Liberal Arts: A Practical Application

I am a huge proponent of the liberal arts education.  Anytime anyone asks me what I am studying, while I say my major, what I really want to say is, “an incredible set of skills.”  I think at the heart of these skills is the ability that I have gained to pursue opportunities with a passion backed by both intellect and integrity.  A big critique of the liberal arts that I have not only heard, but at times used, is “all you do is talk.” In some sense, yes. We fiercely debate issues, learn new ways of thinking, and push our boundaries in discourse.  However, we take what we learn from these conversations and we apply them to the real world with a strong factual background and what I refer to as the liberal arts stamp. This stamp is the inability to hear any speech, news broadcast, or opinion without questioning its content, perspective, and argument.  This stamp continues in the way liberal arts students talk to each other. I catch my friends and I having the most academically worded conversations about the most inane things.  We’ve learned how to argue with a pure motive and how to only speak when we have the knowledge to back it up.  But, these conversations and the ability to speak mean nothing if not put to a good use.

I have thoroughly enjoyed and found great meaning in independent work here at Middlebury College. It allows me to take these conversations and do research and projects that mean the world to me.  This semester, I am working on a project dealing with Veteran Affairs.  My goal is to find how Middlebury College and its students can become involved with the Veteran community, how Middlebury College can be more intentional regarding the hiring and support of veterans in the faculty and staff, and to create educational opportunities for local veterans.  Whenever I mention what I hope to be working on, people are enthusiastic to share their own stories in return. It seems that almost everybody knows someone who has served or questions the treatment that veterans receive upon returning to the U.S.  As a Marine Corps officer candidate whose Grandfather was a career Marine, I keep this topic near and dear to my heart.  I want to generate a venue through which students can engage with these veterans while also learning from the veterans’ stories that are often times overlooked.
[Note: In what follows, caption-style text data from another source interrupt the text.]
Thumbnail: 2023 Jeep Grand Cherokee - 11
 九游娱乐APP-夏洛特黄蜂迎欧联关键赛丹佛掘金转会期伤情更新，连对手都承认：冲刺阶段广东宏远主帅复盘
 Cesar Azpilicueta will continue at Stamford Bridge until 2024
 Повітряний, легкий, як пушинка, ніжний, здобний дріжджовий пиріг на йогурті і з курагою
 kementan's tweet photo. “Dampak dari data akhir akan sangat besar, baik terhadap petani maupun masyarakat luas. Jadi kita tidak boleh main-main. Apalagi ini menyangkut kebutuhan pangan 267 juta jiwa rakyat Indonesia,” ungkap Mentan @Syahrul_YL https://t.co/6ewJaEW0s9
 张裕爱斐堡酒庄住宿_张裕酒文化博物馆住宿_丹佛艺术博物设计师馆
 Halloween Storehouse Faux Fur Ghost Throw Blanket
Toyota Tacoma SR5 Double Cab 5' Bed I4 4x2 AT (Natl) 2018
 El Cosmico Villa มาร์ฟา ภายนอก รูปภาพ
I would love to leave Middlebury knowing that this school, which commits itself to community engagement, actively seeks to honor and make life easier for those who served our country.

Having the basis in research, discussion, and organization I acquired at Middlebury, having a passion to apply those skills to and then the chance to explore that passion, epitomizes not only the resources available to students, but also the deep seeded support and trust for students with a goal.